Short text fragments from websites
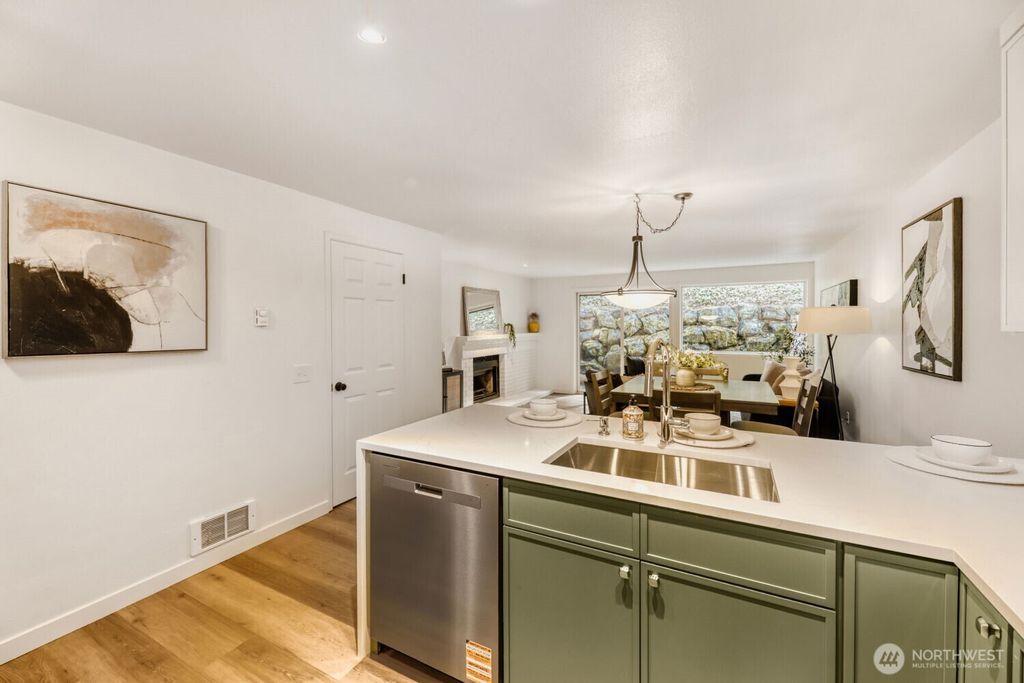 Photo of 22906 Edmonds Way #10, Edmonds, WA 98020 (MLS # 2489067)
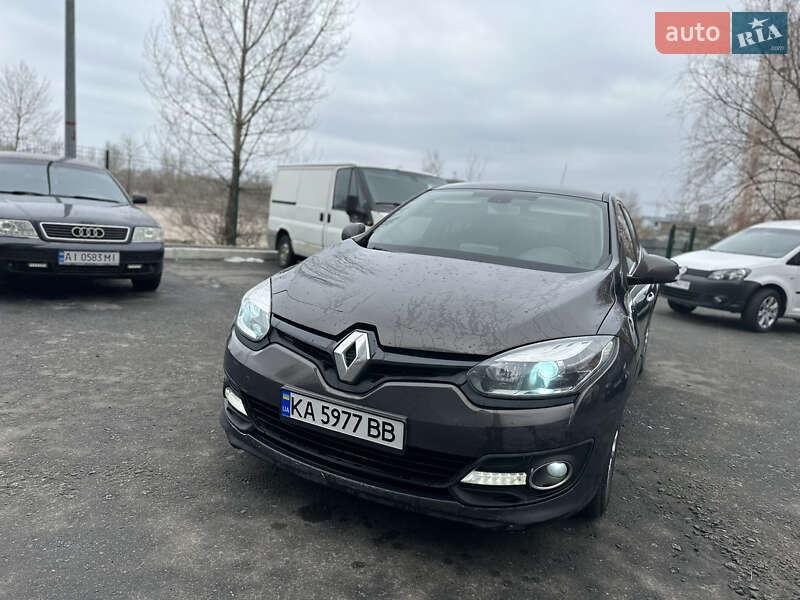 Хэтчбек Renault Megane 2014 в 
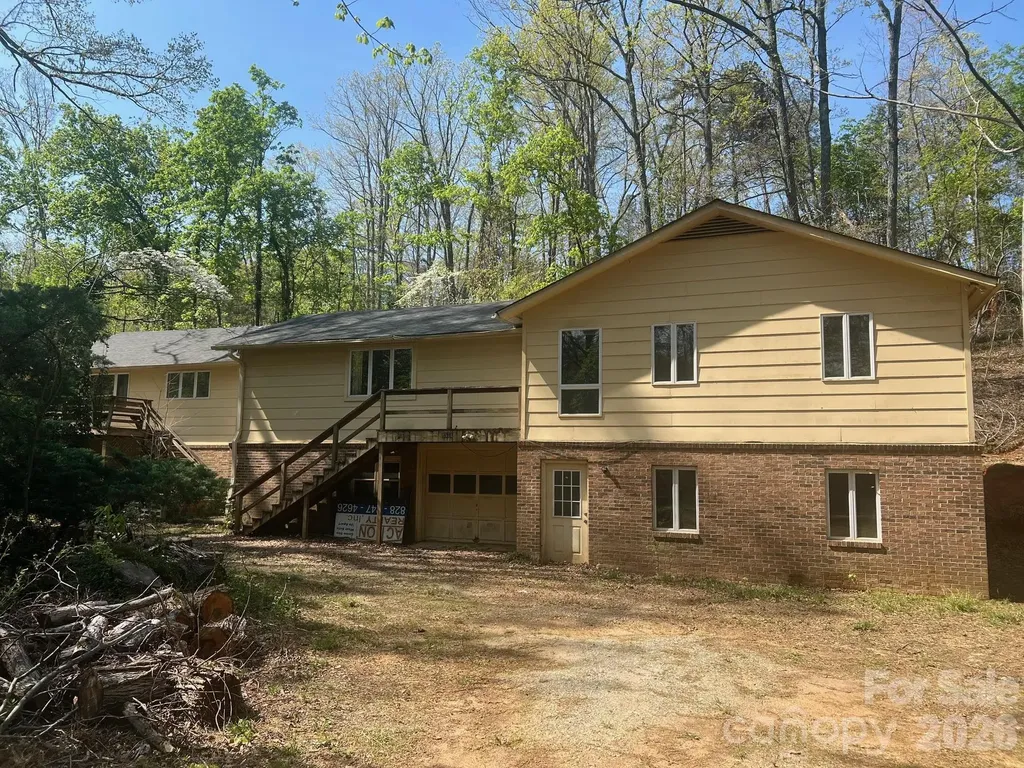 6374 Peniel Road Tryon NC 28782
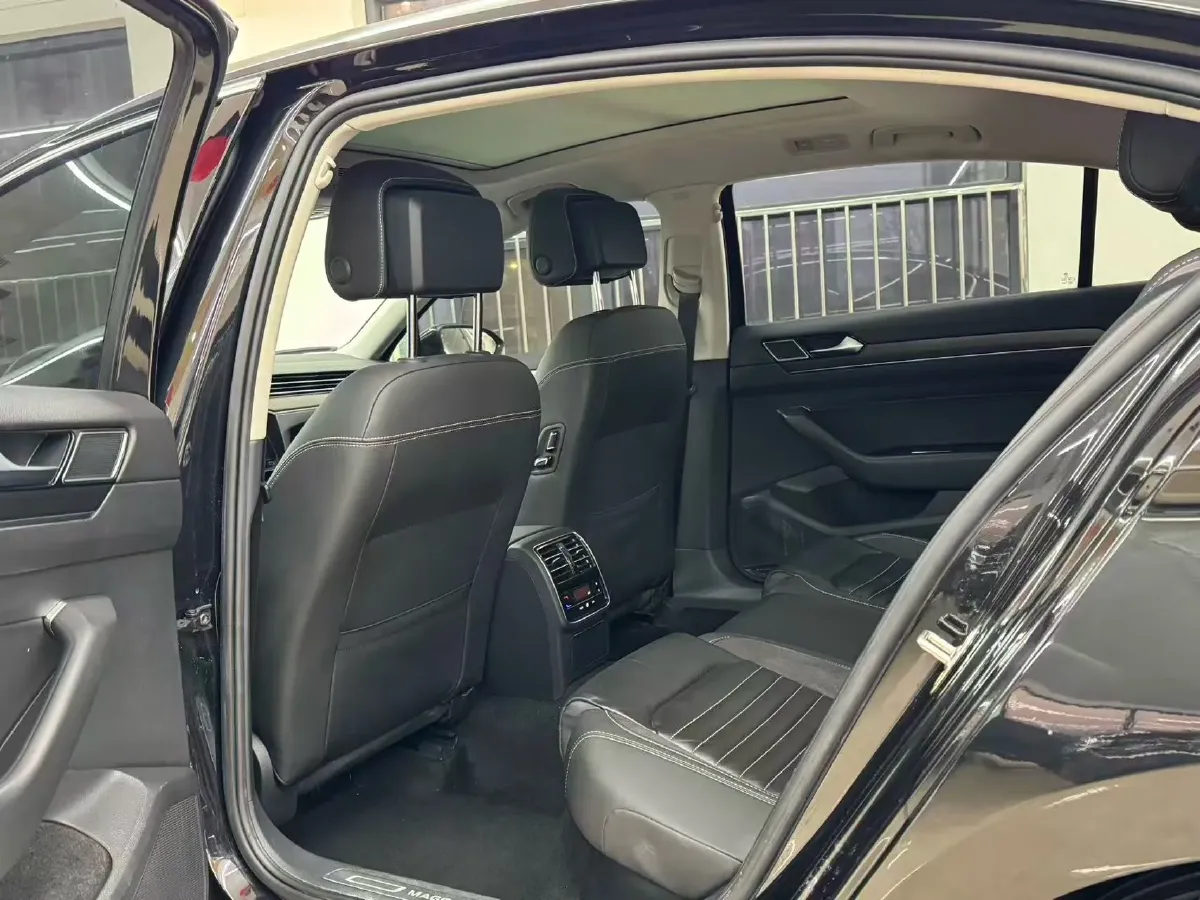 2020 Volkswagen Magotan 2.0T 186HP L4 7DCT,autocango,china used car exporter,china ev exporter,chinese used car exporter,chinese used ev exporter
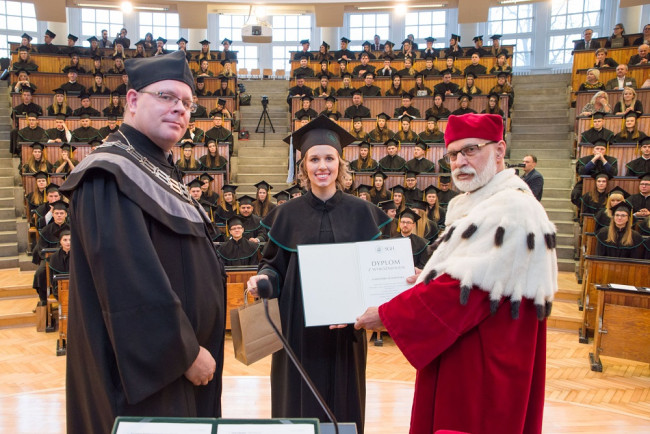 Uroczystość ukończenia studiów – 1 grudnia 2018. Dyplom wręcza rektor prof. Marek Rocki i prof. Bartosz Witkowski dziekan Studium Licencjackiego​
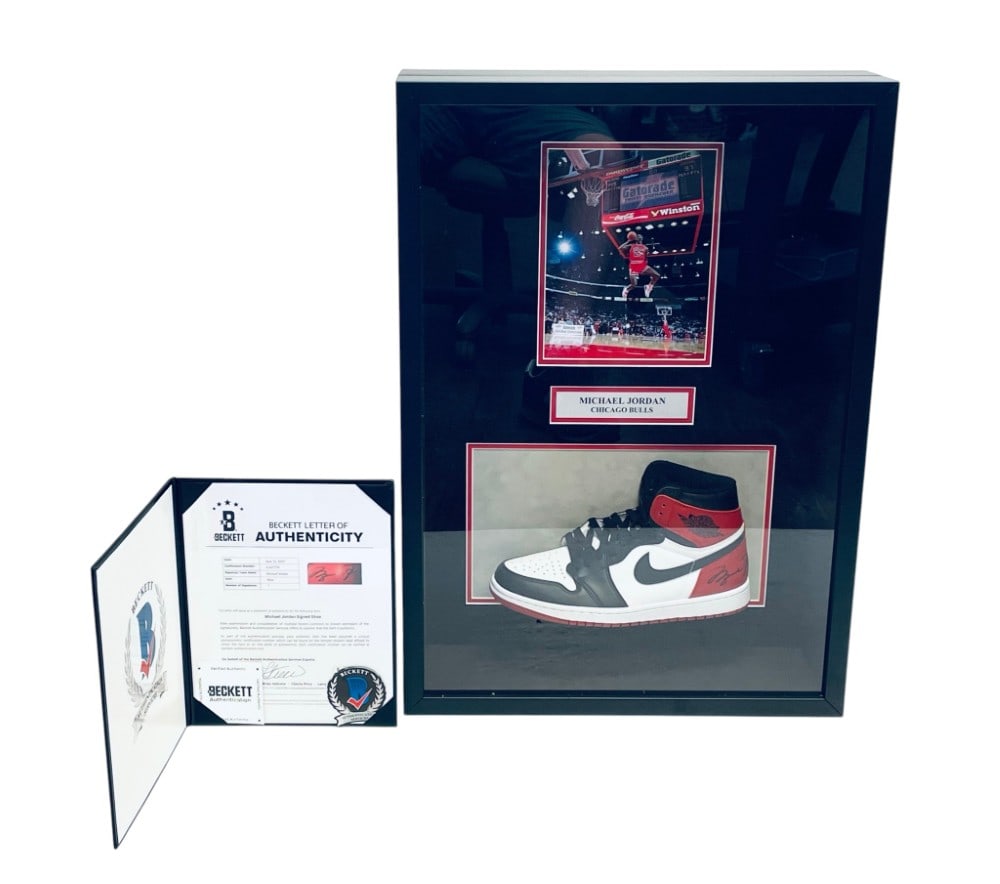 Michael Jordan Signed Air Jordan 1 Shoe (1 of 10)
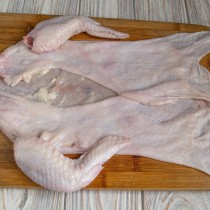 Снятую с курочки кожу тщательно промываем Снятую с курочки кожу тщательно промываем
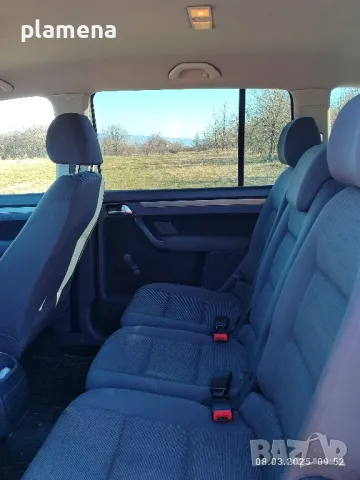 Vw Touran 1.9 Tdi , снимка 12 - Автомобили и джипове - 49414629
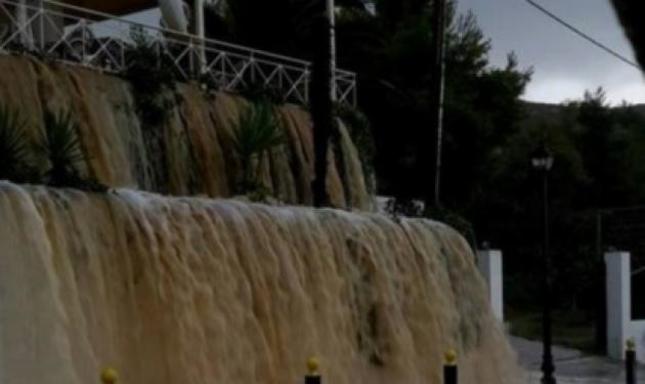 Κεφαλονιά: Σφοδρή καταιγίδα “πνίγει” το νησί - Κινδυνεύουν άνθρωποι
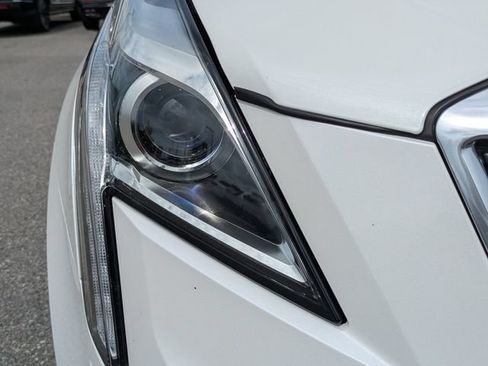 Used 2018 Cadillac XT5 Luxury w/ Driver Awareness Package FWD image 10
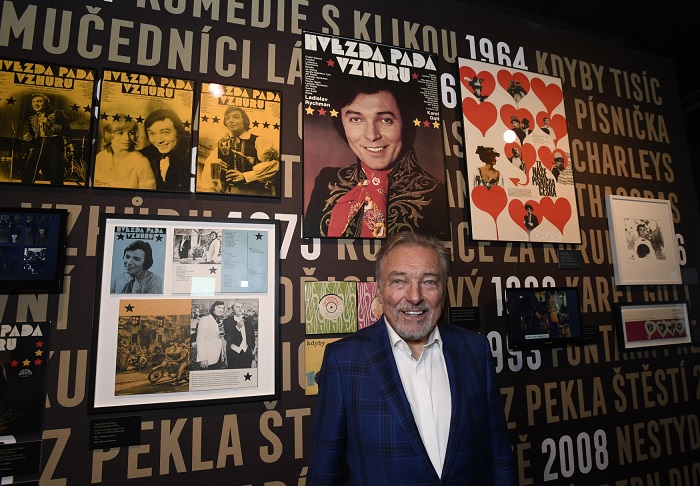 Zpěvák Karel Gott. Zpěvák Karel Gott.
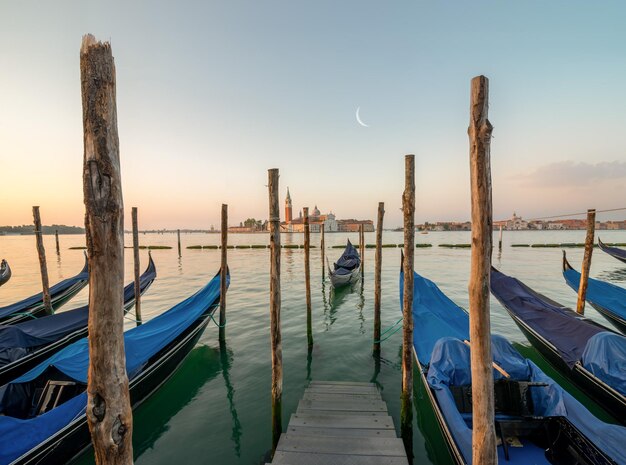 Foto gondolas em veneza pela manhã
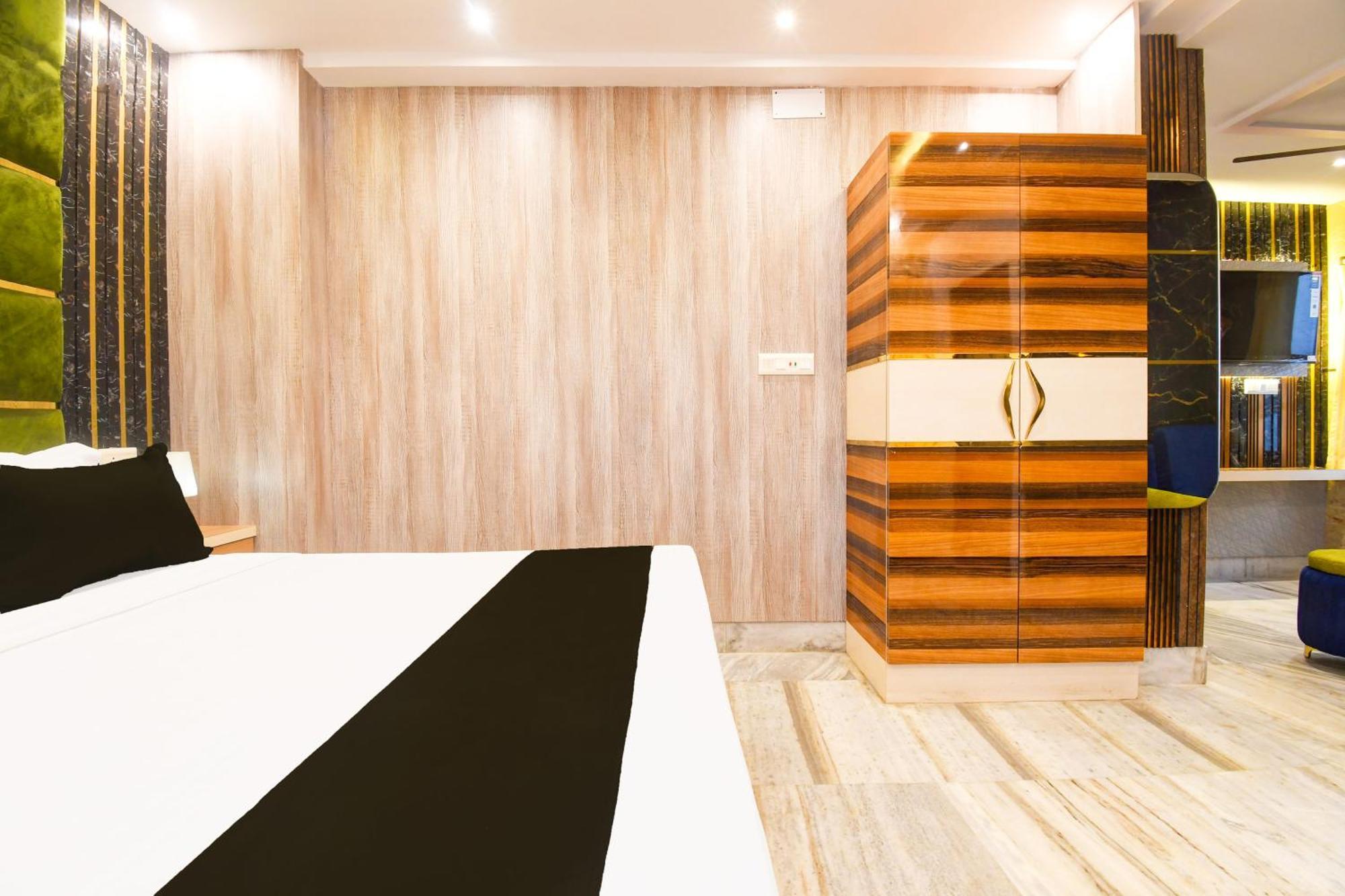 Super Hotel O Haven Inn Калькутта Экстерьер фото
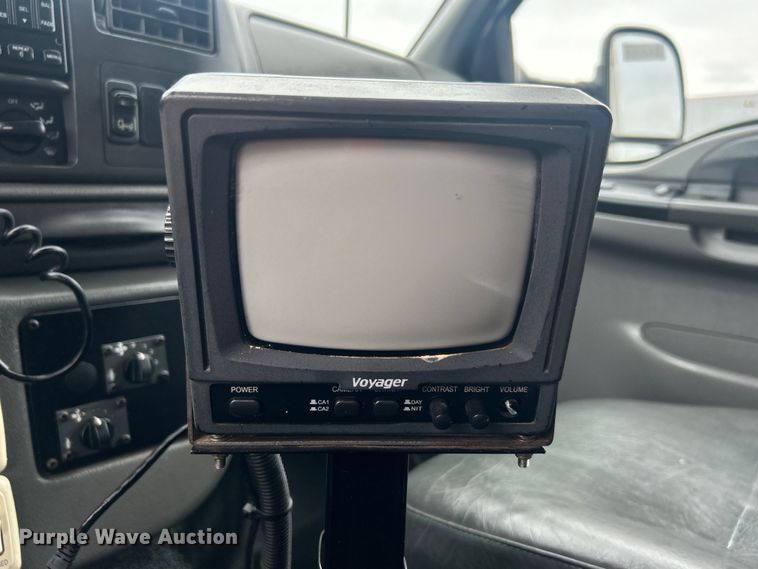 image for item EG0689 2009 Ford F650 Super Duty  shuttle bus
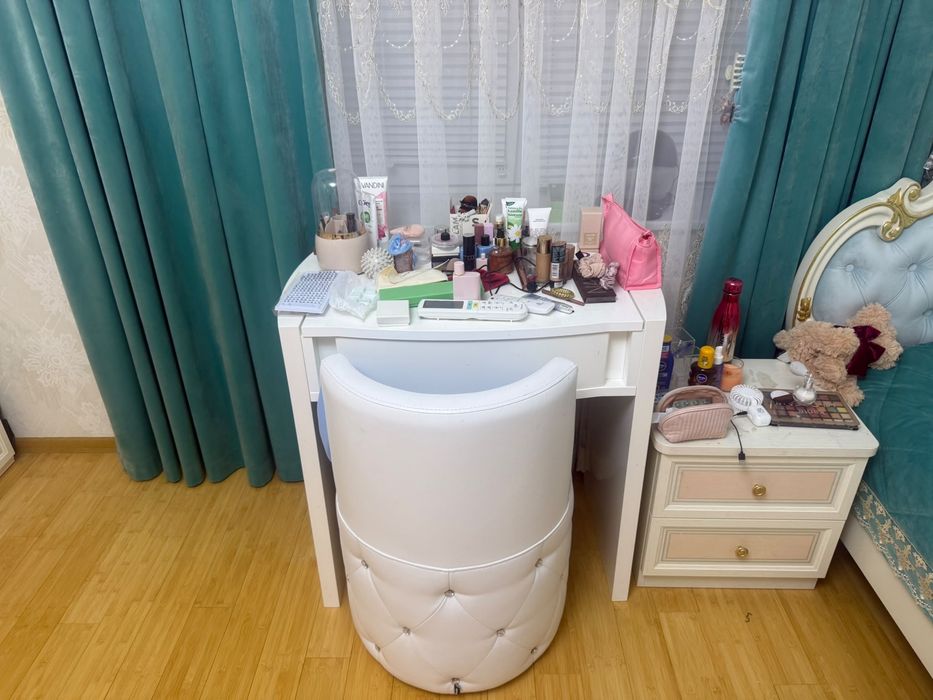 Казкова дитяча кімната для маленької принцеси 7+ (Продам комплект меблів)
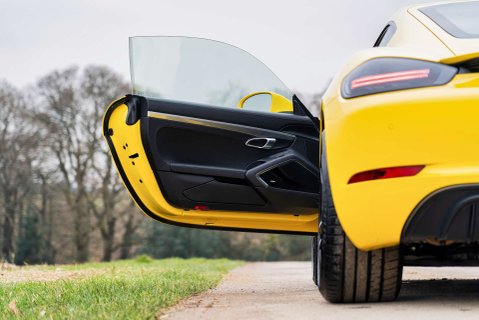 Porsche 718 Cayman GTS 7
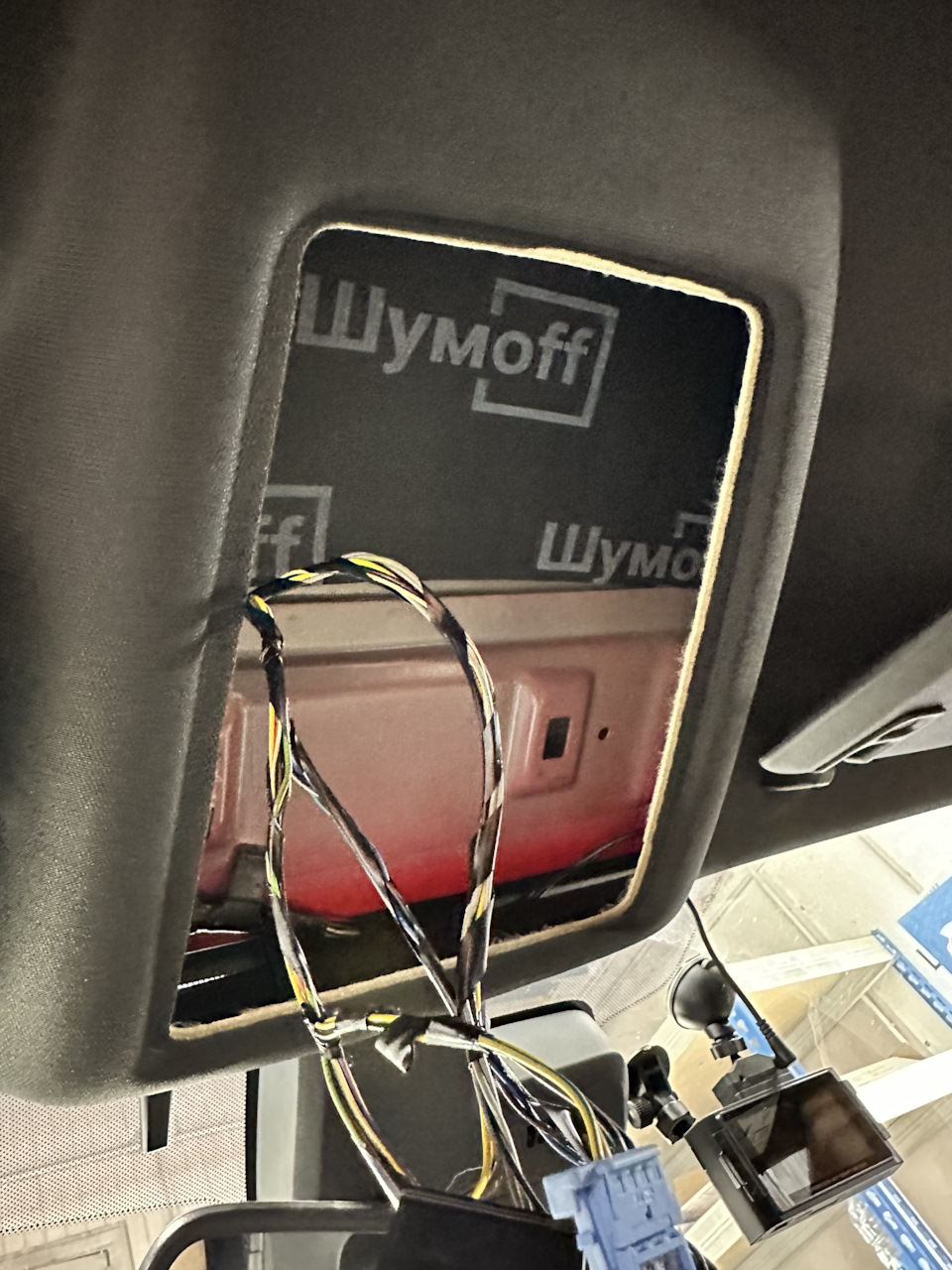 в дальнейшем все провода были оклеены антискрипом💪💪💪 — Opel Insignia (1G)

= What this task involves =
Set down the records in full and exactly. Do not carry over any image.

= Task answer =
 Photo of 22906 Edmonds Way #10, Edmonds, WA 98020 (MLS # 2489067)
 Хэтчбек Renault Megane 2014 в 
 6374 Peniel Road Tryon NC 28782
 2020 Volkswagen Magotan 2.0T 186HP L4 7DCT,autocango,china used car exporter,china ev exporter,chinese used car exporter,chinese used ev exporter
 Uroczystość ukończenia studiów – 1 grudnia 2018. Dyplom wręcza rektor prof. Marek Rocki i prof. Bartosz Witkowski dziekan Studium Licencjackiego​
 Michael Jordan Signed Air Jordan 1 Shoe (1 of 10)
 Снятую с курочки кожу тщательно промываем Снятую с курочки кожу тщательно промываем
 Vw Touran 1.9 Tdi , снимка 12 - Автомобили и джипове - 49414629
 Κεφαλονιά: Σφοδρή καταιγίδα “πνίγει” το νησί - Κινδυνεύουν άνθρωποι
 Used 2018 Cadillac XT5 Luxury w/ Driver Awareness Package FWD image 10
 Zpěvák Karel Gott. Zpěvák Karel Gott.
 Foto gondolas em veneza pela manhã
 Super Hotel O Haven Inn Калькутта Экстерьер фото
 image for item EG0689 2009 Ford F650 Super Duty  shuttle bus
 Казкова дитяча кімната для маленької принцеси 7+ (Продам комплект меблів)
 Porsche 718 Cayman GTS 7
 в дальнейшем все провода были оклеены антискрипом💪💪💪 — Opel Insignia (1G)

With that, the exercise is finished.